A forward-thinking but risky maneuver. It ultimately proved too cute, backfiring on the Bruins.

Randall conceded a leadoff single to Tanner Griffith and Savage was forced, he said, to turn to Hawk. With one out and Griffith in scoring position, Ian Armstrong chopped a game-tying single over Mulivai Levu’s glove at first base. Hawk issued two walks to load the bases, but Jared Mettam grounded out to third to ensure extra innings.

Despite conceding the lead, Hawk remained in the game for the 10th inning. Kashimoto reached base on an infield single. Sniffen stepped up with two outs and pulsed his clutch gene, finding the hole between Martin and Cholowsky as Kashimoto sprinted around third base and dove headfirst into home plate.

It was a devastating way to end what seemed destined to be a special season.

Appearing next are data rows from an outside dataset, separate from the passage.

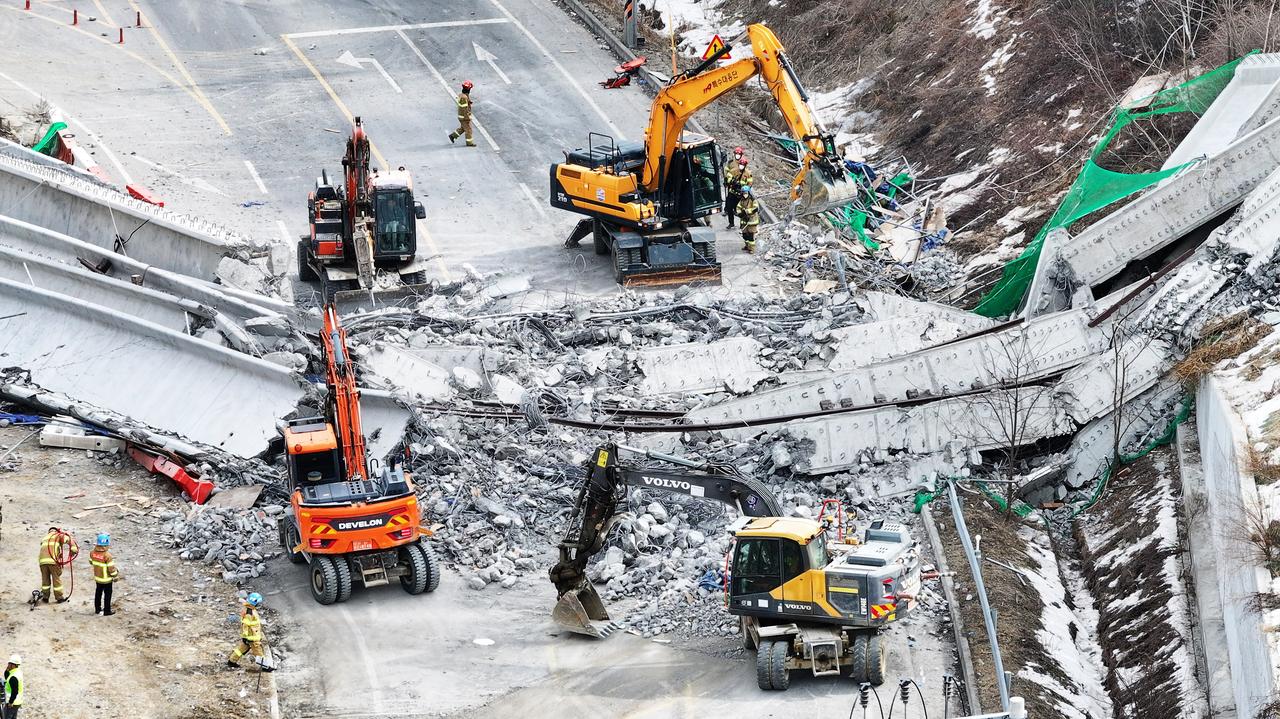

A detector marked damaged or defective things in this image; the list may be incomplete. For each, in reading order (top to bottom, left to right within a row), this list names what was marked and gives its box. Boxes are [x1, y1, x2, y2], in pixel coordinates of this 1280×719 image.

broken concrete slab [0, 273, 302, 452]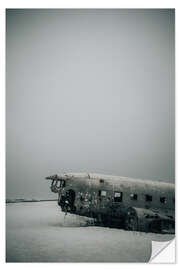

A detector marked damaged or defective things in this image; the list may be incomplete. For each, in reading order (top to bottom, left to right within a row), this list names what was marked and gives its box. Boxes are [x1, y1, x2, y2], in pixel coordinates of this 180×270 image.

abandoned airplane wreck [45, 173, 174, 234]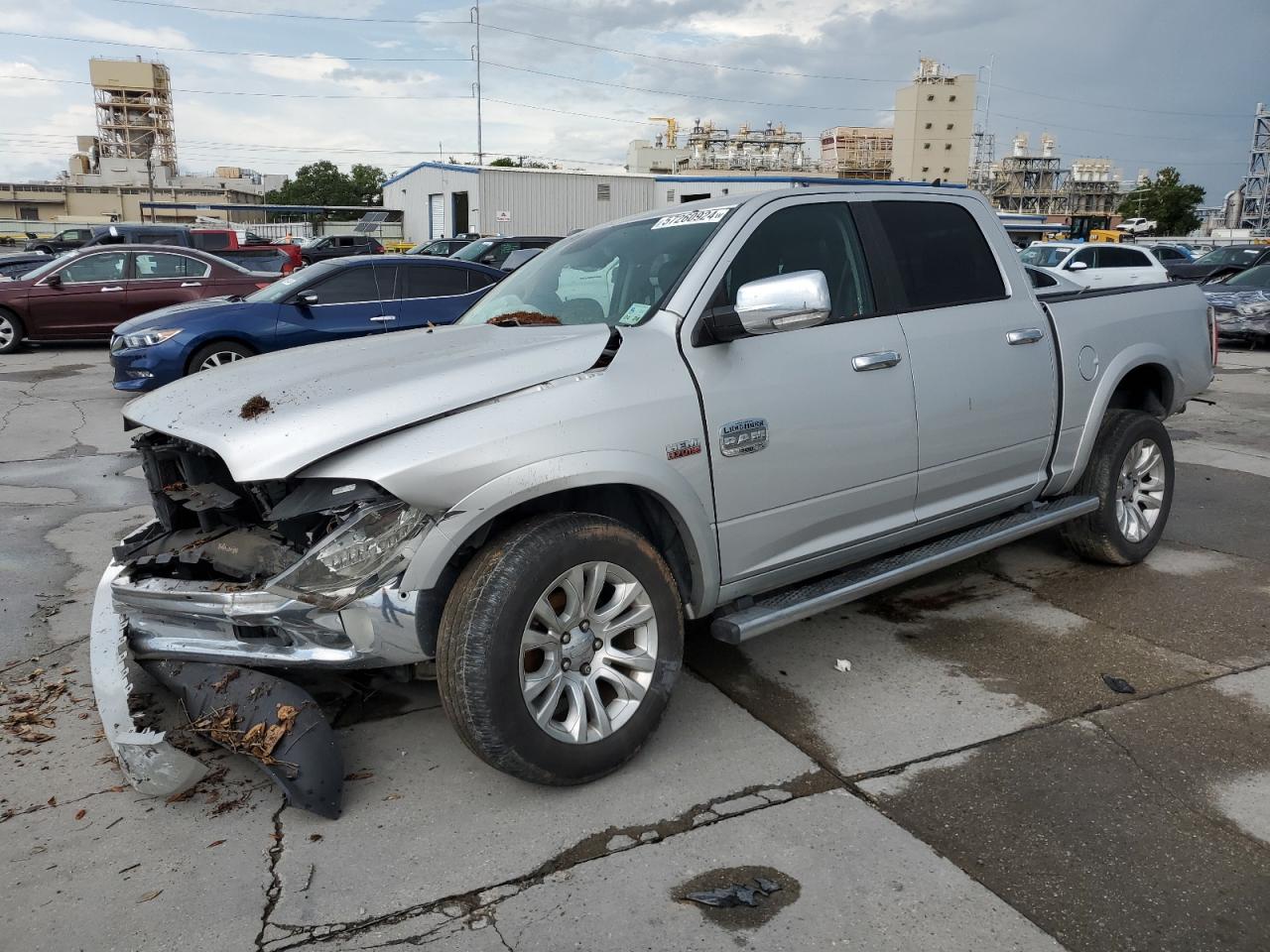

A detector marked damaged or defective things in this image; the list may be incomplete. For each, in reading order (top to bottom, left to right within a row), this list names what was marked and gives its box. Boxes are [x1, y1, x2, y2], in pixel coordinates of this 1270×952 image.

crushed hood [125, 321, 615, 484]
damaged grille [120, 432, 381, 583]
broken headlight [268, 498, 433, 611]
cracked pavement [2, 345, 1270, 948]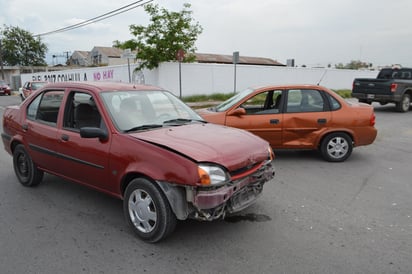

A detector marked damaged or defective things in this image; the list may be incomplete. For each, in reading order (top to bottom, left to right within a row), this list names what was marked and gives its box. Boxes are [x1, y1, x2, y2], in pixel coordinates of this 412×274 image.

damaged red car [2, 81, 276, 242]
dented hood [132, 123, 270, 170]
crumpled front bumper [191, 162, 276, 219]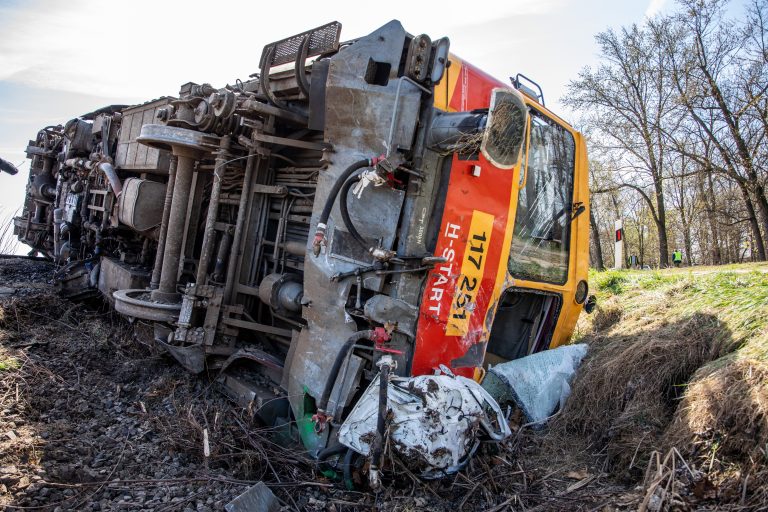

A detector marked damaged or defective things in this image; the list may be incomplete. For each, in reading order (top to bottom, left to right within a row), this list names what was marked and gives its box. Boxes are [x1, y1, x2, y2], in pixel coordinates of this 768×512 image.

shattered windshield glass [508, 108, 572, 284]
crushed car wreck [10, 19, 588, 484]
torn metal sheet [338, 372, 508, 476]
white crumpled metal debris [338, 372, 510, 476]
white crumpled metal debris [480, 344, 588, 424]
torn metal sheet [486, 344, 588, 424]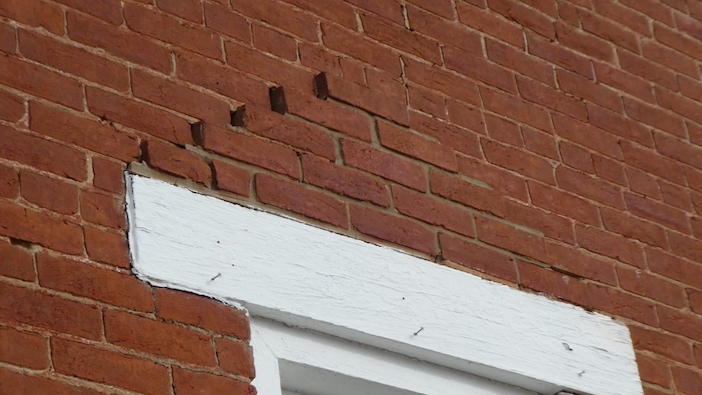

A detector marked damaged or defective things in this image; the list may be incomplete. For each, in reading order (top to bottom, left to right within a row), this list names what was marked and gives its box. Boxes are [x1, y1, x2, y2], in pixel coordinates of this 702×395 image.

peeling white paint [125, 176, 644, 395]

“I feel for them,” Savage said of his players. “Great, great people. Very loyal guys. … That’s a tough clubhouse to leave. Those guys have been such wonderful Bruins.”

Savage, a monotone leader, showed a single spec of emotion when asked about Cholowsky’s impact on the program.

He and the core of this UCLA roster arrived in Westwood ahead of the 2024 season, enduring a developmental year without a postseason appearance. The Bruins advanced to the College World Series in 2025, ultimately losing to Arkansas and LSU, the eventual champion. After earning those battle scars, fittingly, 2026 was when everything would come together.

Throughout the regular season, it did. UCLA was seemingly unbeatable, sustaining the No. 1 ranking from beginning to end and setting a program record with a 27-game winning streak that spanned late February through mid-April. But in mid-April, the Bruins lost their best starting pitcher, Logan Reddeman, and despite winning nine of their last 11, played hotly contested games, putting their bullpen in a bind, narrowly escaping defeat time and again.

“I don’t think we played up to our standards the last couple weeks,” Savage said.

It all crested in the regional, where UCLA’s storybook season concluded without its happy ending.